Indirect taxes, on the other hand, offend scarcely anybody. It is one of the open secrets of finance that in almost every system of taxation the indirect overcrow the direct taxes by many millions, and have a knack for levying on the small resources of insignificant persons which direct taxes have never learned. They know how to coax pennies out of poor people whose names have never been on the tax-collector's books. But they are very sly, and have at command a thousand successful disguises. High or complicated tariffs afford them their most frequent and abundant opportunities. Most people have very short thoughts, which do not extend beyond the immediate phenomena of direct vision, and so do not recognize the hand of the government in the high prices charged them in the shops. Very few of us taste the tariff in our sugar; and I suppose that even very thoughtful topers do not perceive the license-tax in their whiskey. There is little wonder that financiers have always been nervous in dealing with direct, but confident and free of hand in laying indirect, taxes.

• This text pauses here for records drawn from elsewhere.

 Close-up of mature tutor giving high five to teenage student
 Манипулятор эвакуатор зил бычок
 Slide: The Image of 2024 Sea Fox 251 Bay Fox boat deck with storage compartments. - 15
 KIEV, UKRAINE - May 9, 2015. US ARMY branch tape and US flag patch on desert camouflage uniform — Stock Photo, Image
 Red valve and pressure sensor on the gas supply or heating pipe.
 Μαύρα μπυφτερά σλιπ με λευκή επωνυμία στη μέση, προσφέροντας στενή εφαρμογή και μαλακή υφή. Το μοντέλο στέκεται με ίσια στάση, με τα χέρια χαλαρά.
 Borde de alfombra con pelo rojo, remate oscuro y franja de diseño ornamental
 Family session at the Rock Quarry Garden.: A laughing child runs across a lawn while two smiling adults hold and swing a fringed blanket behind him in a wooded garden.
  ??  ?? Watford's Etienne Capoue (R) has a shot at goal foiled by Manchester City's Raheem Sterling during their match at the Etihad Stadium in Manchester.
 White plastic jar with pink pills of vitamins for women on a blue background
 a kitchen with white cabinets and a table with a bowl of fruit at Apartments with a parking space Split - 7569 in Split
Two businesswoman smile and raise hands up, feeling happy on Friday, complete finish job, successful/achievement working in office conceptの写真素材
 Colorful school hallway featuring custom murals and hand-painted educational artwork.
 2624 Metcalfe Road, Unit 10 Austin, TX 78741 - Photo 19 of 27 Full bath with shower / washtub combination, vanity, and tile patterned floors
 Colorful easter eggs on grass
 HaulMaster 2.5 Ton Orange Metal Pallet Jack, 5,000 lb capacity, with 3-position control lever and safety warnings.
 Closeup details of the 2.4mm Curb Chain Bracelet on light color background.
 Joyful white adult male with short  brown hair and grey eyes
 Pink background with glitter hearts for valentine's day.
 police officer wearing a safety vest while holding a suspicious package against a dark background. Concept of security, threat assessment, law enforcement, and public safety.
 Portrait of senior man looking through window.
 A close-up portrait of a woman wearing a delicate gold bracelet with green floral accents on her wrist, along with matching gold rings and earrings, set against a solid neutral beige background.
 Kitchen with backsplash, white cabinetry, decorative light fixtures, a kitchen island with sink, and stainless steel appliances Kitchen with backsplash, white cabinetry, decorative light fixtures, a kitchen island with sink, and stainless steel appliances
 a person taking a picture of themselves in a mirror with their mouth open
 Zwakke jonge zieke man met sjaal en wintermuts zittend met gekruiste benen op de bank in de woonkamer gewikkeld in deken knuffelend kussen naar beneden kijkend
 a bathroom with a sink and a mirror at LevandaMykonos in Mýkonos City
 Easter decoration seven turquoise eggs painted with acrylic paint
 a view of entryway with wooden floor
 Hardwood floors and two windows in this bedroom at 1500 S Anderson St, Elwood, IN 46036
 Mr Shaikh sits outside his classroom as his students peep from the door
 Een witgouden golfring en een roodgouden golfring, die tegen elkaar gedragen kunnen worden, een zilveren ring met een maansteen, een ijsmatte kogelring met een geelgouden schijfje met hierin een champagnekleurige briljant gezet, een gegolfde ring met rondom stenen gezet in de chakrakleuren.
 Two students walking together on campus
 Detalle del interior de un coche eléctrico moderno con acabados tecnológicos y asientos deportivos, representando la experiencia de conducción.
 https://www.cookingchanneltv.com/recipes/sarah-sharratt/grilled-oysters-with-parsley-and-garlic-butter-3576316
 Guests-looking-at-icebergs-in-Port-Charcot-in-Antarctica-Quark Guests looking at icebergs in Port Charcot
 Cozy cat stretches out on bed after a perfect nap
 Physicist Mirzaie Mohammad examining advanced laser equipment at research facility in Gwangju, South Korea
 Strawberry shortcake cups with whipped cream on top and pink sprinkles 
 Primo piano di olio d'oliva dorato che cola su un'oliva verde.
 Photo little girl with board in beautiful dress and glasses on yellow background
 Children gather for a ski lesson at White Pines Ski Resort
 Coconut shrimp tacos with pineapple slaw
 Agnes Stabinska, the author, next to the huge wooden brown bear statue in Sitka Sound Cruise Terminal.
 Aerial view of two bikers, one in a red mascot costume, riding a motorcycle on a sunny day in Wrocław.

It may, therefore, be accounted one of the customary advantages which our federal government possesses over the governments of the States, that it has almost always, in ordinary times, derived its entire revenue from prompt and facile indirect taxes, whilst the States have had to live upon the tardy and begrudged income derivable from a direct levy. Since we have had to support two governments it has been wisely resolved to let us, as long as possible, feel the weight of only one of them,--and that the one which can get at us most readily, and, at the same time, be most easily and promptly controlled by our votes. It is a plain, convenient, and, on the whole, satisfactory division of domain, though the responsibility which it throws on state legislatures is more apt to pinch and prove vexatious than is that which it lays upon Congress. Mr. Gladstone, the greatest of English financiers, once playfully described direct and indirect taxes as two sisters,--daughters of Necessity and Invention,--"differing only as sisters may differ, ... the one being more free and open, the other somewhat more shy, retiring, and insinuating;" and frankly owned that, whether from "a lax sense of moral obligation or not," he, as Chancellor of the Exchequer, "thought it not only allowable, but even an act of duty, to pay his addresses to them both." But our chancellors of the exchequer, the chairmen of the Committee of Ways and Means, are bound by other traditions of courtship, and have, besides, usually shown no susceptibility to the charms of the blunt and forward elder of these two sisters. They have been constant, even if now and again a little wayward, in their devotion to the younger.

I suppose that no one ever found the paths of finance less thorny and arduous than have our national publicists. If their tasks be compared with those of European and English financiers, it is plain to see that their lines have fallen in pleasant places. From almost the very first they have had boundless resources to draw upon, and they have certainly of late days had free leave to spend limitless revenues in what extravagances they pleased. It has come to be infinitely more trouble to spend our enormous national income than to collect it. The chief embarrassments have arisen, not from deficits, but from surpluses. It is very fortunate that such has been the case, because for the best management of the finances of a nation, when revenue is scant and economy imperative, it is absolutely necessary to have financial administration in the hands of a few highly-trained and skillful men acting subject to a very strict responsibility, and this is just what our committee system does not allow. As in other matters of legislation, so in finance, we have many masters acting under a very dim and inoperative accountability. Of course under such ministration our financial policy has always been unstable, and has often strayed very far from the paths of wisdom and providence; for even when revenue is superabundant and extravagance easy, irresponsible, fast and loose methods of taxation and expenditure must work infinite harm. The only difference is that during such times the nation is not so sensitive to the ill effects wrought by careless policy. Mismanagement is not generally blamed until a great many people have discovered it by being hurt by it. Meantime, however, it is none the less interesting and important to study our government, with a view to gauging its qualities and measuring accurately its capabilities for good or bad service; and the study can doubtless be much more dispassionately conducted before we have been seriously hurt by foolish, unsteady administration than afterwards. The forces of the wind can be reckoned with much more readily while they are blowing only a gale than after they have thrown a hurricane upon us.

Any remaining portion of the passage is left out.